(Short text fragments from websites)
- Opening Delimiter -

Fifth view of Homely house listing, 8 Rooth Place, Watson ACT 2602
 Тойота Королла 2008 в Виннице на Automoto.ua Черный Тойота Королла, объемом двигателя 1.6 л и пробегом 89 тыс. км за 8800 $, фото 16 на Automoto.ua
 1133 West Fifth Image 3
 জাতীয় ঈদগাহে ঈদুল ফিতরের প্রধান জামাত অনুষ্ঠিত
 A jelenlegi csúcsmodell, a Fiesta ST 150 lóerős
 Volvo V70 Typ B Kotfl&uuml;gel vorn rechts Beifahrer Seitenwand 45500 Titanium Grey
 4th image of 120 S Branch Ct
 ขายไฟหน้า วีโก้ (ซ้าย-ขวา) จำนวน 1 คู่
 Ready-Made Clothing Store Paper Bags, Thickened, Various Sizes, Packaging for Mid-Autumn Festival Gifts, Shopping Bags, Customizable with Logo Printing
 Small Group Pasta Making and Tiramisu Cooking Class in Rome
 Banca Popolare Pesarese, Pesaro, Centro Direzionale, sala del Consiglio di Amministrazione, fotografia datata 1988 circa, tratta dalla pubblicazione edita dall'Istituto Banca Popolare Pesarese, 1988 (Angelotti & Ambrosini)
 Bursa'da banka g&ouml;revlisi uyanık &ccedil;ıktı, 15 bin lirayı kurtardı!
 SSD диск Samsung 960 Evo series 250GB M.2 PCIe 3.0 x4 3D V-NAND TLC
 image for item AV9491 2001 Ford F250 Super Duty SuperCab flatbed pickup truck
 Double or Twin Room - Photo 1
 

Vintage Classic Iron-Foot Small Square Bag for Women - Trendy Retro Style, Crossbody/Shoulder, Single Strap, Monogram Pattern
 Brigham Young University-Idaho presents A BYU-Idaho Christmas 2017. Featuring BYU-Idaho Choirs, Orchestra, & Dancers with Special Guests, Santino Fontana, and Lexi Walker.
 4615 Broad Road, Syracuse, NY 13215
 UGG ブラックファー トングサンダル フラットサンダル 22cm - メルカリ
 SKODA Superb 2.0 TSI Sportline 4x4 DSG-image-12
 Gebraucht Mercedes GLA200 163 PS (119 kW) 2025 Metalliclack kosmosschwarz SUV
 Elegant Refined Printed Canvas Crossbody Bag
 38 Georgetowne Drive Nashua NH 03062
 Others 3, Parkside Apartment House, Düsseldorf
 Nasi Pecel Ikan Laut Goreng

- Closing Delimiter -

> **Your assignment**:
Write out, from the lines above, only those from the line with "Banca Popolare Pesarese, Pesaro, Centro" to the line with "4615 Broad Road, Syracuse, NY 13215", exactly as given, including the first and the last.

> **Result**:
 Banca Popolare Pesarese, Pesaro, Centro Direzionale, sala del Consiglio di Amministrazione, fotografia datata 1988 circa, tratta dalla pubblicazione edita dall'Istituto Banca Popolare Pesarese, 1988 (Angelotti & Ambrosini)
 Bursa'da banka g&ouml;revlisi uyanık &ccedil;ıktı, 15 bin lirayı kurtardı!
 SSD диск Samsung 960 Evo series 250GB M.2 PCIe 3.0 x4 3D V-NAND TLC
 image for item AV9491 2001 Ford F250 Super Duty SuperCab flatbed pickup truck
 Double or Twin Room - Photo 1
 

Vintage Classic Iron-Foot Small Square Bag for Women - Trendy Retro Style, Crossbody/Shoulder, Single Strap, Monogram Pattern
 Brigham Young University-Idaho presents A BYU-Idaho Christmas 2017. Featuring BYU-Idaho Choirs, Orchestra, & Dancers with Special Guests, Santino Fontana, and Lexi Walker.
 4615 Broad Road, Syracuse, NY 13215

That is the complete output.